What's the pay-off in philosophy? Especialy metaphysics!?
A friend of mine who was a carear professor of philosophy, just
retiered, once told me, 'We have philosophy departments so that people w/
high IQs don't have to work for a living.'
I'll give you that at various times in the past philosophy was
very serious buissiness (thus the American and French Revolutions), but
today!? It's just acahdemic isn't it? Clssroom stuff. philosophy no
longer has much of a place in the real world and the idea of 'practical
philosophy' is pretty goofy is it not? The role formerly heald by
philosophy is now filled by the social sciences.
If metaphysics is the study of the question 'What really exists?'
then what, I ask, would be a practical aplication of that?
(understand that I am in part playing the devil's advocate here.)
> If this is the case then what exactly does Pirsig mean when he calls the
> MoQ a 'moral system' and of what PRACTICAL use is it to mankind?
I'd broden the question: Of what practical use is the study of
ethics? I don't think it has any. For a long time, we've had thinkers,
philosophers, laying down ethical theories -- Kantian formalism, Mill's
utilitarianism... -- all more or less scholerly and abstract. Do any of
these have a *practical* impact? Arn't our moral choices primarily
functions of our *social values*? I think so.

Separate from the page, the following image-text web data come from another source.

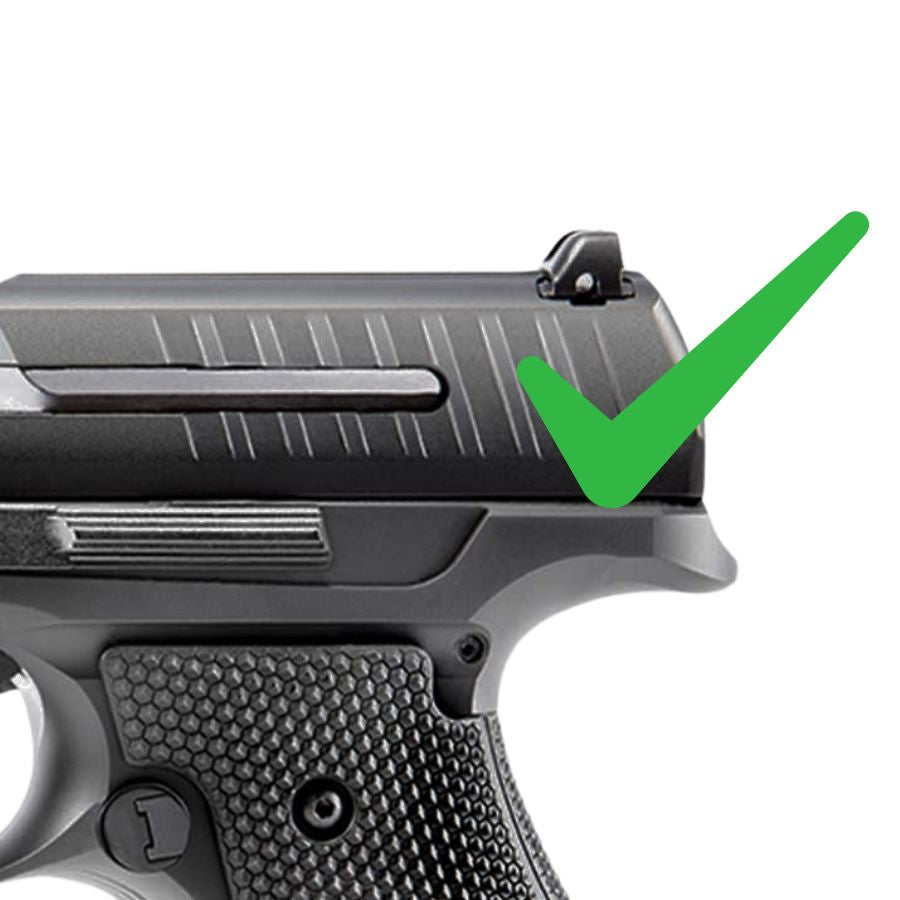 Walther [PPQ P99 Creed PPX & PPS] adjustable sights | luminescent dots - Ubitzu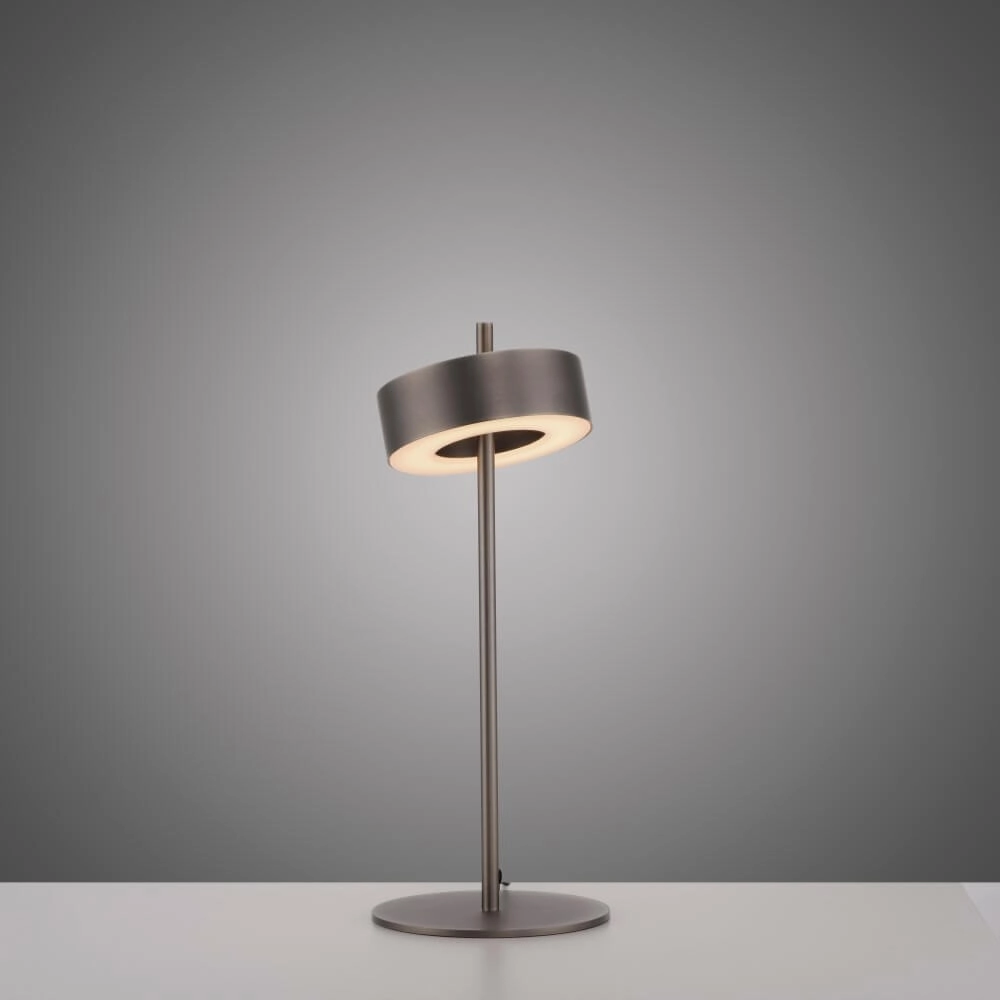 Lampe de table marron Q-Rotate conception Paul Neuhaus 4012248383216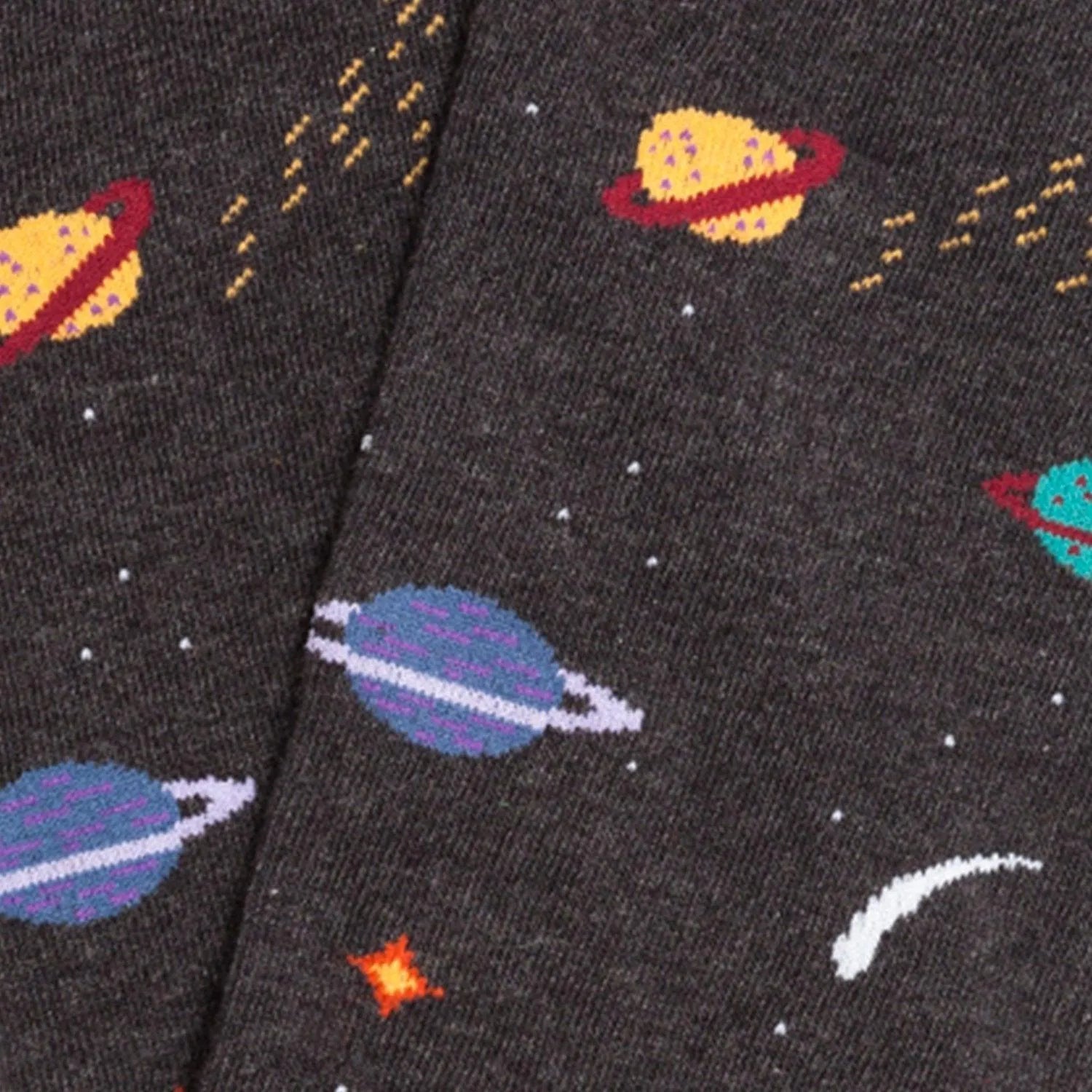 Calcetines Jimmy Lion Galaxy vistos de cerca, accesorio original para regalar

Ethics, metaphysics... These are bookish, achademic, intelectual
activities. We derive our moral values not *from* these, but from our
social values, from our conscience and from all our unconscious
valuations. The purpose of philosophy -- if it's doing it's job -- is to
explain all this -- to explain what these values are, what morality is,
etc. -- in a clear, high-quality fashion. In ZMM Pirsig says that you
already know quality/good when you see it, but to say, as a definition,
what *is* Quality/Good... that's the bugbear that gets the whole ball
rolling. THAT is what his two books are trying to do.
Am I wrong?
But if you need to look to philosophy to tell you whether to stay
married or not then either you live in a very warped social environment,
you yourself are a bit too much on the ecentric side, you're a sociopath,
or else you've been given the wrong picture of philosophy. you don't
really need the philosophy departments to tell you whether you should stay
married or not, do you? I didn't think so.